2018 Spring/Summer Course Offerings 

For a listing of all classes, please click here.

History Matters: Indigenous, Colonial and Post- colonial Histories 

HIST 125.3(01)

Instructor: Carling Beninger

Courses in this series examine the peoples and processes shaping indigenous societies, their imperial rulers, and the postcolonial experience. Topics will range from local case studies of First Nations to broader histories of European imperial expansion and national independence movements. The problems of identity, power and policy are at the forefront of these investigations, emphasizing the ways that communities accepted, resisted or transformed colonial agendas. Courses will also foreground variations among colonizing projects, and responses to them, in different eras. Examples of course foci include Britain and British Empires since Caesar, the Arab Spring, the scramble for Africa, aboriginal activism in Canada, USA, and Australia, a global history of slavery, perspectives on community and sovereignty in North America, and colonial Latin America. All courses will emphasize how historians have understood different practices of colonization and their relationship to political, economic and social change.

Offered: May 9 - 30, MTWTF 1:30-3:50

Roman Civilization

CLAS 111.3 (05)

Instructor: Ann DeVito

Surveys Roman culture in the Republican and Imperial periods, based on readings in translation from Roman literature and on other ancient source materials.

Offered: June 4 - 22, MTWRF 11:00-1:20

History Matters: War, Violence and Politics

HIST 145.3(01)

Instructor TBD

Courses in this series examine the history of war and violence, cutting across periods and historical specializations. Areas of exploration may include the factors that have shaped human conflict (social, cultural, political, and religious); specific cases, campaigns or systems of conflict (including interpersonal, intergroup, and international violence); wars hot and cold; historic forms of oppression and injustice, and their relationship to conflict; and the history of resistance to interpersonal, intergroup and systemic violence including the history of peace and reconciliation and non-violent movements.

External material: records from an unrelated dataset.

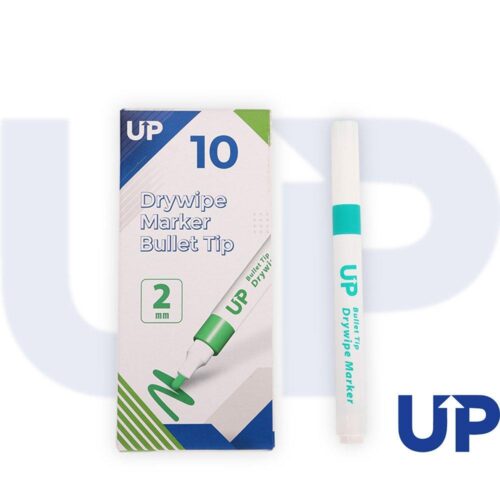 UP Drywipe Bullet Tip Marker Green (10)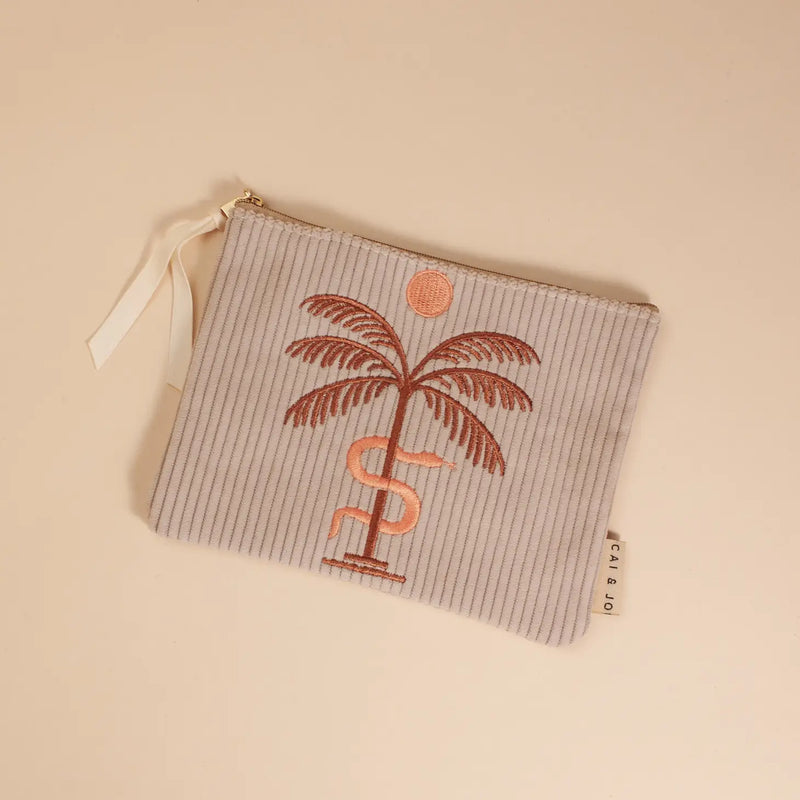 Corduroy Pouch in Stone with Palm Tree & Serpent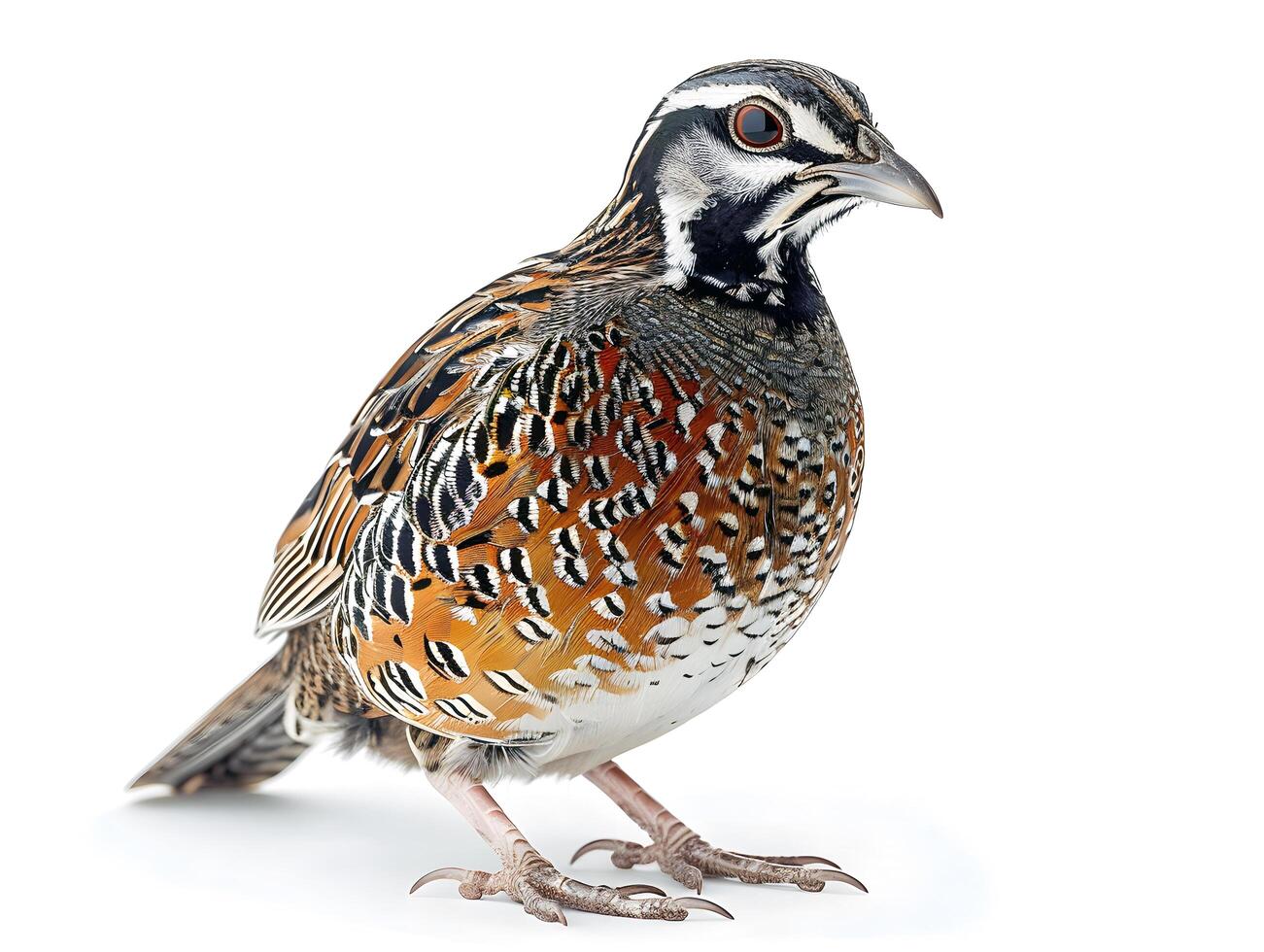 Quail bird isolated on a white background photo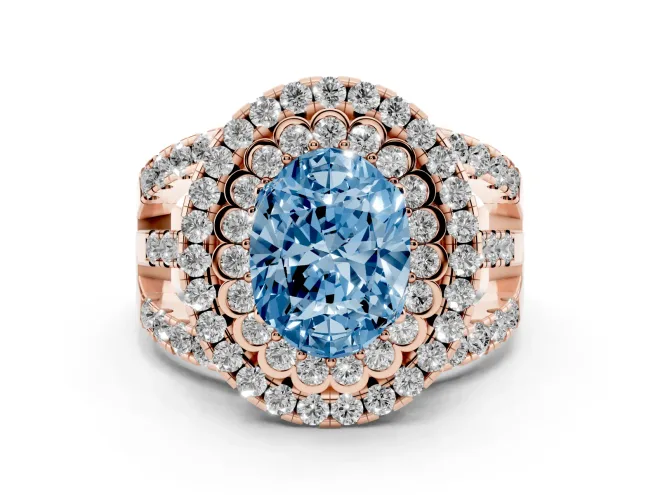 Fancy Blue Oval Cut Diamond Double Halo Ring Set in Rose gold with Round Pavé Split Shank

Offered: June 4 - 22, MTWRF 1:30-3:50 

Women in Antiquity

CLAS 225.3 (01)

Instructor: Ann DeVito

Studies the life and achievements of women in the ancient world.

Offered: June 28 – July 19, MTWTF 11:00-1:20 

History Matters: Science and Environment

HIST 155.3(01)

Instructor: TBD

Courses in this series examine the history and conceptualization of science, the cosmos, or the environment and their relationships to society and culture. The term science is understood broadly to include not only modern science but pre-modern and non-western approaches to understanding and manipulating the natural world. Historians focus on the human history of the environment, with a particular attention to the ever-changing relationship between societies and their ecosystems. Possible areas of exploration might include: the scientific revolution; North-American environmental history; global commodities, imperialism and the environment; and science, magic, and rationality. With reference to historical examples, these courses will seek to nuance concepts such as ‘science’, ‘rationality’, and ‘nature’ and also to examine broad conventional historical narratives such as ‘disenchantment’, ‘enlightenment’, ‘industrialization’ or ‘globalization’.

Offered: June 28 – July 19, MTWRF 1:30-3:50

History Matters: Health and Society

HIST 165.3(03) 

Instructor: Fedir Razumenko

Courses in this series examine how historians have understood the complex relationship between health, society, and historical change. Health is used as a vehicle for understanding political, social and cultural change throughout history. Topics range from antiquity the birth of Galenic healing through western and non-western traditions that have guided our understandings of bodies, pain, gender, and power and into the modern era of health and medicine with the rise of professional medicine, ethics, experimentation and institutionalized healing. Health is widely defined to capture experiences that fall outside the traditional doctor-patient relationship, and to explore issues including: mental health; the politics of healthcare; health economies; the health professions; disease’s power to shape human history. These courses rely on a variety of sources: food and nutrition, to medical treatises, patient narratives, activist and anti-medical establishment texts, artwork, and institutional reports, and a rich historical tradition of examining health and medicine and its influence on human history. Possible areas of exploration include: madness; the body; pain; health and disease.